When you ask Ngubane where his heart lies - trail or road - it is clear he is a torn man. As much as he loves competing in the Comrades Marathon each year (and he does a pretty fine job at it) he has a huge passion for the wild outdoors and the endless trails of especially his hometown of KwaZulu-Natal.
Road vs. Trail
Ngubane, an elite runner for the Nedbank Running Club (NRC), pulled out of the Comrades Marathon this year as his body was just not responding well on the day. “I wasn’t injured, my body was just sore and I suspect I might have trained too much. I was hanging on all the time and I realized there was no way I was going to finish it,” said Ngubane, who has a marathon best of 2:26. He has completed Comrades 14 times and holds a Comrades best time of 05:50:29. He is still hoping for a win in this prestigious race. “I still have hopes that I can win the Comrades Marathon,” says Ngubane.
Eric’s trail running resume is impressive. He is a former winner of the Hout Bay Trail Challenge, one of the toughest trail runs in South Africa. On top of that he has won the 100km Ultra Trail Run in Cape Town in 2014 and has won the Three Cranes 100km Stage Race three times. Add victories in the Mount Moodie 80km Ultra Trail and the Old Mutual Two Oceans 22km Trail Run, as well as his wins at Mont-Aux-Sources, and one can understand why the name Eric Ngubane is synonymous with trail running.
Ngubane, who is self coached, is not scared of training hard and consistently. He has a full time job at the Sport Zone Running Company store in Durban North in order to provide for himself and his family. This means balancing work and running, which is a tough ask when you train and race at the elite level Ngubane does.

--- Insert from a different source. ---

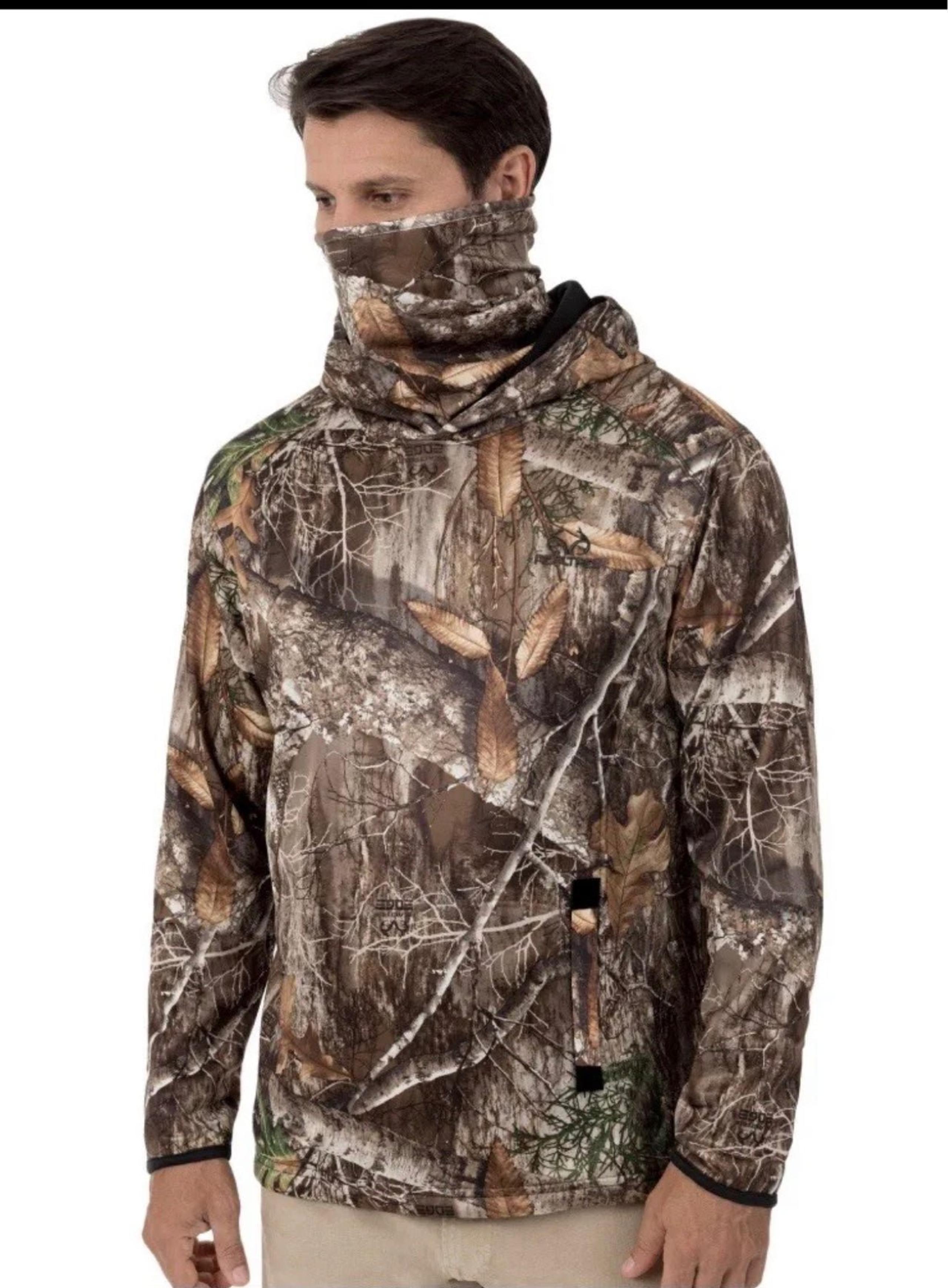 2 Performance Pullover Hoodies W/ Neck Gaiter in REALTREE camouflage Size MEDIUM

His off-road training is done on dirt roads and amongst the sugar cane fields near his home in Verulam. “When in peak training I will run around 130-150km a week. I train twice a day while focusing on a time trial once a week as well as a hill session. Most of the time I train on my own, but on weekends I meet the guys. When it comes to trail running I must admit I prefer to train on my own. That is how you develop a strong mind which is needed on trails as you run mostly alone,” says Ngubane.
Family Man
Ngubane, father to two children aged 11 and 6, says his family mean everything to him. “I can’t live without them. They are the ones pushing me. Some days I am exhausted but they motivate me. I make as much time as I can to spend with them,” says Ngubane.
Future goals
He has numerous goals lined up. He would love to race in the World Champs in Spain next year while locally defending his titles at Golden Gate, where he has been breaking record after record each year. “In the build up I would also like to run smaller trail races to guide myself where am I fitness wise.”
Running is in his blood, it always has been and always will, says Ngubane. “I grew up with running. When you are in a big family everyone does their own thing. Mine was running. Through running I found a running family and met people I never thought I would. They keep on motivating me. I would like to inspire people to follow in my footsteps and I would like to bring more people to the sport of running.”